Russell, proper right down to that noun, is proud to have the last name of a noted philosopher; and, as a thinker, it strikes him as morally wrong to allow others to put words in his mouth. He would rather write his own speeches—“It’s a shameful business, speech by committee,” he declares—but has come to terms with the fact that his busy schedule dictates otherwise. What he will not brook, though, is ungrammatical speech. “Please tell the writers again that the word ‘alternative’ is always singular. There is only one alternative per situation.”
In the dramatic situation of The Best Man, “alternative” is clearly the wrong word, just as choosing the supposedly lesser evil is the wrong approach to casting votes. Like the dilemma of the two-party system, the either-or decision to which the unquestioning responder is restricted calls for something better: the rejection of the supposed choice as spurious and misleadingly restrictive.
“May the best man win!” is the choice platitude of Russell’s opponent, Joseph Cantwell, whose last name, more than the name of Russell, suggests that the playwright cares less about his characters than about the philosophies for which he makes them stand and fall: they are metaphors for what politics can reduce us to when all we care about is making a name for ourselves. Both Russell and Cantwell are stand-ins for the figures we imagine—hope and fear—politicians to be; beyond that, they aren’t at all. “A candidate should not mean but be,” the literary playwright has Russell quip; as a character, Russell is not meant to be anything other than the mouthpiece Vidal means him to be in this verbal play of true versus nominal values.
Asked whether he thought that “a president ought to ignore what people want,” Russell replies “If the people want the wrong thing, [. . .] then I think a president should ignore their opinion and try to convince them that his way is the right way.” How to do right and what is “right” are the questions The Best Man aims at encouraging us to ponder. Russell answers by taking his opponent by his clichéd expression and extricating himself from the either-or bind that threatens to turn him into a man no better than Cantwell.

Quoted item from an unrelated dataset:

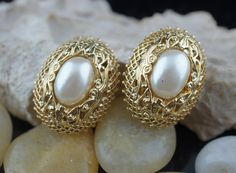 This is the perfect option for those who like cool, unique jewelry and the luxury, shine of gold and white. This earrings are well made, cute and/or elegant in design, and very desirable. The earrings are decorated with faux pearls. The earrings have filigree design. The clasp is in very good working condition. ♥ Age/era: Circa 1950s - 1960s. ♥ There is no hallmark. ♥ The earrings are about 1'' by 3/4''. Every one interested in the jewelry should remember that he or she must like their jewelry- Classic Gold Metal Pearl Earrings, Elegant Metal Clip-on Earrings For Anniversary, Elegant Oval Clip-on Earrings For Party, Gold Pearl Clip-on Earrings For Evening, Vintage Gold Pearl Earrings For Gift, Vintage Gold Pearl Earrings As Gift, Vintage Gold Jewelry With Elegant Design, Gold Pierced Pearl Earrings For Party, Gold Ornate Clip-on Earrings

Vidal, too, attempts a way out here, a synthesis of satire and sentimentality, cynicism and hopefulness, as he demonstrates Russell to be the “best” man, after all, by proving him to be the better one. The solution is as noble as it is grammatical—but it is rather too neat and ponderous, especially since the alternative “message” Vidal communicates is more tired than the dirty politics from which he derives a modicum of dramatic tension.

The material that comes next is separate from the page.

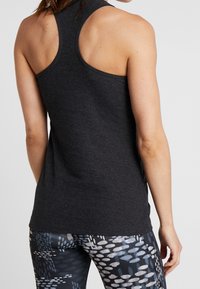 Musta ribbiä tanktoppi, jossa on racerback-muotoilu. Kankaassa on pintakuvioitu viimeistely. Yhdistetty kuviollisiin, istuviin legginsseihin, joissa on abstrakti muotoilu.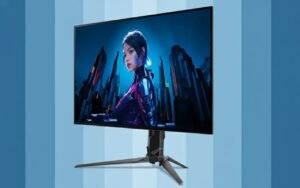 ASUS tandem OLED gaming monitor on a white desk setup with RGB accents, ultra-clear screen showing deep blacks under bright ambient lighting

“And if I may bore you with one of my little sermons,” Russell and Vidal tell reporters and audiences early on:
Life is not a popularity contest; neither is politics. The important thing for any government is educating the people about issues, not following the ups and downs of popular opinion.
Who, today, would buy that little nugget of shopworn sentiment?

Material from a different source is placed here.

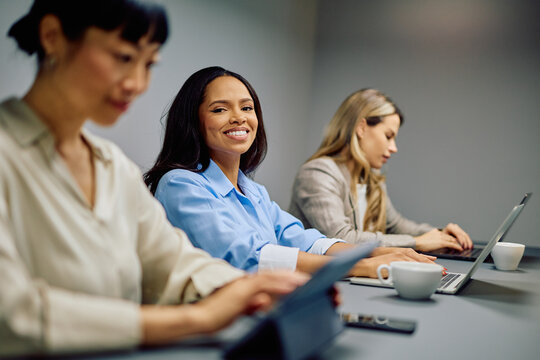 Diverse businesswomen attending a corporate meeting, collaborating and using digital devices in a modern office environment - Powered by Adobe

Few, no doubt, even bother, as they are more likely to have come to sample the wares on display in the latest Broadway production at the Gerald Schoenfeld Theatre. The cast is headed by two sentimental favorites—Angela Lansbury and James Earl Jones—whose presence, however lively, takes some of the bite out of the 1960 play, which now provokes nothing more effectively than nostalgia: a longing for politics that never were. Like politics, the business of staging a show is too much of a “popularity contest” to rely on a playwright’s words to win us over. Reading the script now without seeing the assembled personalities—Candice Bergen, John Larroquette, Eric McCormack—before me on that evening in May, I can better appreciate Vidal’s best lines—but, as a play, The Best Man remains ultimately unconvincing.
Sizing up his competition, Victorian novelist Anthony Trollope once interrupted one of his narratives by attempting witty remarks about Thomas Carlyle and Charles Dickens, labeling the latter “Mr. Popular Sentiment” and the former “Dr. Pessimist Anticant.” With his showdown between “Popular” Cantwell and “Anticant” Russell, Vidal demonstrates that wanting to be both satirical and sentimental means doing justice to neither; the sentiment feels calculated, the wit pointless. In the noble experiment of making dirty politics cleaner, everything comes out rather muddy in the wash.